Vv. 7f. thematisieren sein Verhältnis zu JHWH. Er will JHWH preisen, denn: Tag und nacht spricht Gott zu seinem Verstand und seinem Herzen (V. 7), und entsprechend hält auch sich unaufhörlich Gott bewusst (V. 8a). Die Folge dieses unaufhörlichen Miteinanders ist klar: Nie wird ihm Schlimmes widerfahren (V. 8b).Diese beiden Verse werden in Vv. 9-11 gespiegelt und in die Zukunft fortgeführt: Er kann sich freuen, denn: Nie wird ihm Schlimmes widerfahren (V. 9b-10) und er wird stets auf dem rechten – nämlich dem von Gott gelehrten – Pfad wandeln (V. 11). Psalm 16,8-11 wird in Apg 2,26-36 und 13,32-39 als Prophetie über das Schicksal Jesu ausgelegt und im Erlass De falsa duorum textum biblicorum interpretatione („Über die falsche Interpretation von Bibeltexten“) von 1933 hat die päpstliche Bibelkommission „bestimmt“, dass dies in der Tat die richtige Bedeutung dieser Verse sei. Vv. 9-10 sprechen nach dieser Auslegung tatsächlich davon, dass Jesus nicht im Reich der Toten bleiben, sondern auferstehen wird. Das ist nicht die nächstliegende Bedeutung dieser Verse – der Glaube an die Auferstehung hatte sich zur Abfassungszeit des Psalms vermutlich noch gar nicht entwickelt –, an sich ist es aber nicht unmöglich, die Verse auch in diese Richtung auszulegen.
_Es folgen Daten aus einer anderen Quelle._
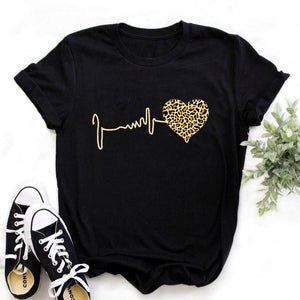 Summer New 90 ’s Leopard Heartbeat Short Sleeve Print Clothing Women&#39;s T-Shirt Harajuku Graphic Clothing Women&#39;s Top,Drop Ship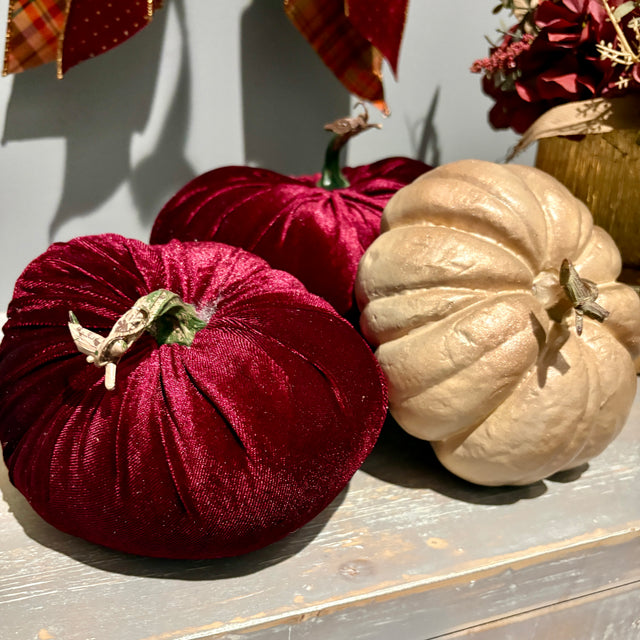 Burgundy Velvet Stuffed Pumpkin | 6" or 5.25"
Mindestens lässt sich gut mit Weiser 1973, S. 119f. sagen: „[Apg 2,26-36 und Apg 13,32-39 stehen auf demselben] Boden, der durch den ganzen Psalm hindurch als die Grundlage des starken Glaubensoptimismus beim Dichter sichtbar geworden ist: Die Lebensgemeinschaft mit Gott. Wo dieses Leben mit Gott den ganzen Menschen erfasst, verliert der Tod praktisch jenes furchtbare Gewicht, das er für den Menschen [...] besitzt. Dies ist der Weg der Überwindung des Todes, den der Psalm beschreitet: Für die Lebensmacht Gottes, an der der Dichter teilhaben darf, ist Tod und Unterwelt kein unüberschreitbares Hindernis mehr, woran jene Lebensgemeinschaft zerbrechen müsste. [...] Gewiß ist V. 10 [ursprünglich] nicht als weisagende Ankündigung der Auferstehung Jesu gemeint, aber der neutestamentliche Auferstehungsglaube und das, was den Psalmisten hier bewegt, stehen auf dem gleichen Grunde, nämlich auf dem unerschütterlichen Glauben an die Lebensmacht Gottes, die in der Auferstehung des Christus den Tod endgültig überwunden hat.“ 1
[Status: Zuverlässig]
''miktam''
miktam - Unbekanntes Wort, das vermutlich als Überschrift die Gattung von Ps 16 und Ps 56-60 angeben soll; daher meist mit dem Platzhalterbegriff „Lied“ übersetzt oder einfach transkribiert; für die LF ist wohl ersteres zu empfehlen.Im Talmudhebräischen bedeutet das Wort „Dokument“, im Neuhebräischen „Epigramm“; LXX hält es für ein ebensolches, in Stein Gehauenes, und übersetzt mit steleographia („Inschrift“, so auch BB und viele Kommentare). In allen drei Fällen wird das Wort aber wohl eher mit miktab („Geschriebenes“) verbunden, das sich als Psalmüberschrift in Jes 38,9 findet (Pietersma 2010, S. 524f.), was man schön an Tg sieht: Dieser hält das Wort wohl für eine Mischbildung aus miktab und tam („aufrecht“) und übersetzt „aufrechte Inschrift“. Ähnlich verfahren auch Aq, Sym, VUL, Raschi und andernorts Tg, zerlegen das Wort in die Bestandteile mk und tm und übersetzen „vom demütigen und aufrechten David“. Dass das Wort unbekannt war, sieht man noch besser an Quinta und Sexta, die bloß transkribieren: machtham. Luther leitet das Wort ab von ketem („Gold“), daher die Üs. „gülden Kleinod“ in den Lutherbibeln. Das „Sühngedicht“ von B-R und Stier2 kommt von einer Ableitung von katam („bedecken“), das auch für das „Sühnen“ von Sünden stehen kann (so z.B. auch Sawyer 2011b, S. 294).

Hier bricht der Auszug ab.